POSTED: Tuesday, May 7, 2013 - 5:22pm
UPDATED: Wednesday, May 8, 2013 - 10:58am
We all know how taxes work.
If you earn enough, you pay.
If you don’t, you get your taxes refunded.
Unless you are an Oncor customer.
Oncor is part of a big corporate conglomerate.
It’s called Energy Future Holdings, and it owns TXU Energy, Luminant and Oncor.
And it’s in trouble.
One of the biggest buyouts in history back in 2007 is soon to be one of the biggest bankruptcies.
And because they are in the red, they don’t pay any corporate income taxes.
But Oncor still collects them from you.
“Oncor, the electric utility that serves north Texas, is collecting in rates in excess of $230-million for federal income taxes. However, neither OnCor nor its majority owner Energy future Holdings, owe, pay federal income taxes at the moment. So in essence, what’s happening is, Oncor is collecting this money for a federal income tax bill that does not exist,” says Jake Dyer of the Texas Coalition for Affordable Power
These taxes are collected by the delivery company OnCor just as though it was a private corporation paying its own taxes.
But it doesn’t.
“We’ve paid them over $14-million over the past 5 years for them to pay taxes,” says Chris Schein of OnCor.

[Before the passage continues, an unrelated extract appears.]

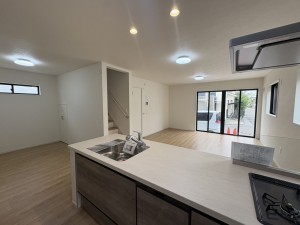 川西市小戸、新築一戸建てのキッチン画像です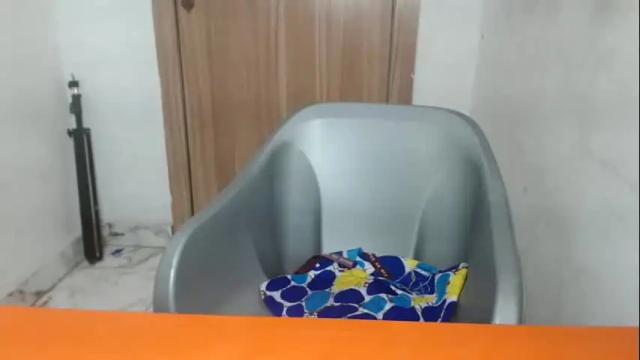 Image 11 of scarllett_bebe Stream on Chaturbate on 16 days ago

“But they don’t owe any taxes because they don’t make a profit,” we responded.
“You’ll have to talk to them about that,” He answered. “I believe your statement is not factually correct.”
Actually we did check with the parent company, and the statement is correct.

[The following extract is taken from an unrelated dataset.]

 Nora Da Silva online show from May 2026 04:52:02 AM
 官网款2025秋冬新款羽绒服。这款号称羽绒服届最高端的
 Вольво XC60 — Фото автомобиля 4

“We send out those tax amounts to our owners so that they can pay our share of the taxes,” Schein says.
“But you’re sendingup a miniscule amount compared to what you’re collecting. If your figures are correct, your sending $14-million compared to $800-million you’ve got in the account,” we answered.

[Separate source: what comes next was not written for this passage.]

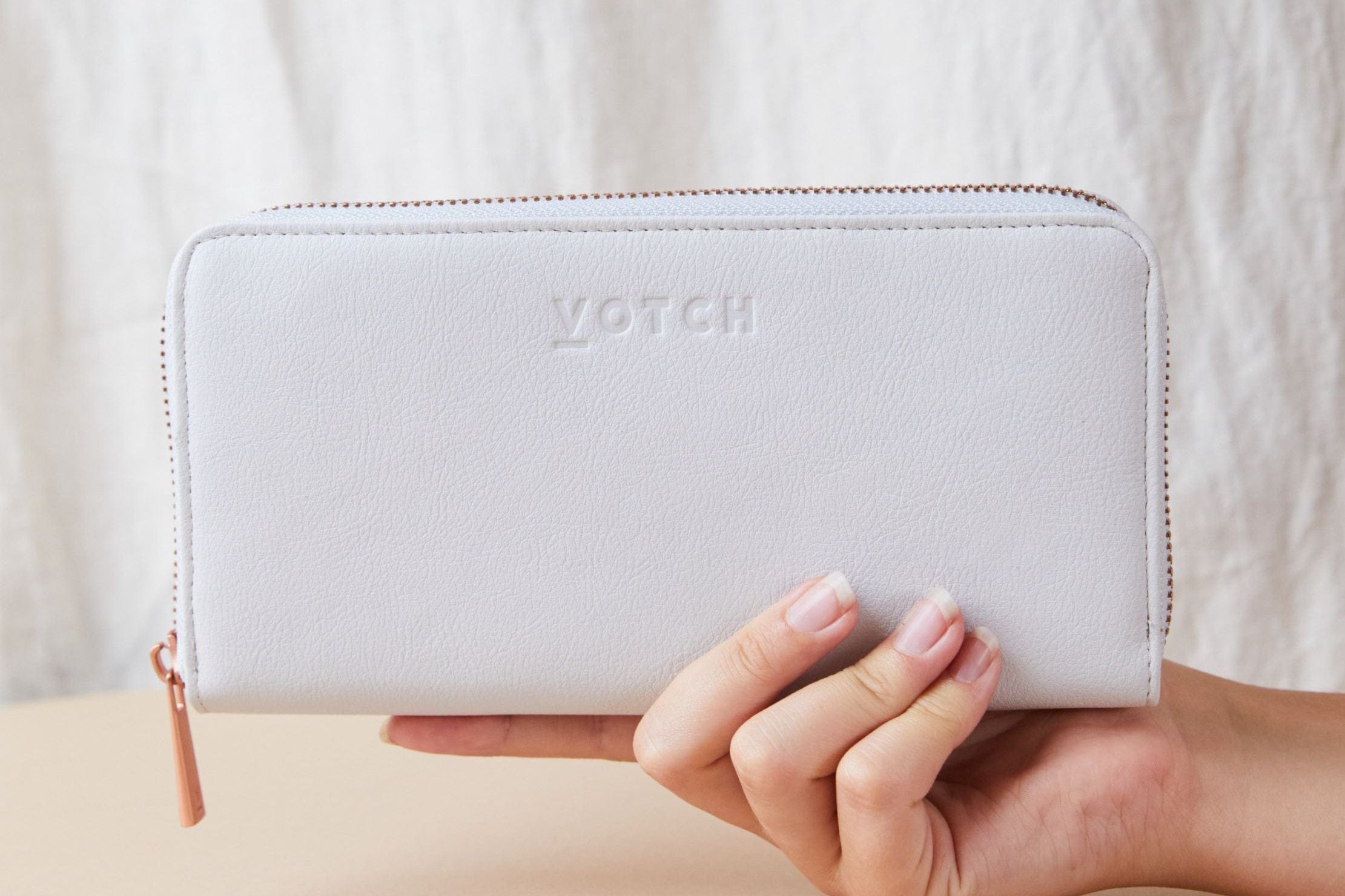 AppleSkin Light Grey & Rose Gold Purse | Classic Essentials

“That’s right,” he said, “that will be used to lower customer bills in the future.”
The Public Utility Commission could cut that back, as they did for Centerpoint , which is the Oncor equivalent for Reliant Energy down in Houston.
But they haven’t, and two bills in the Texas House and Senate, filed by Republicans from Houston and College Station, would strip them of even that power.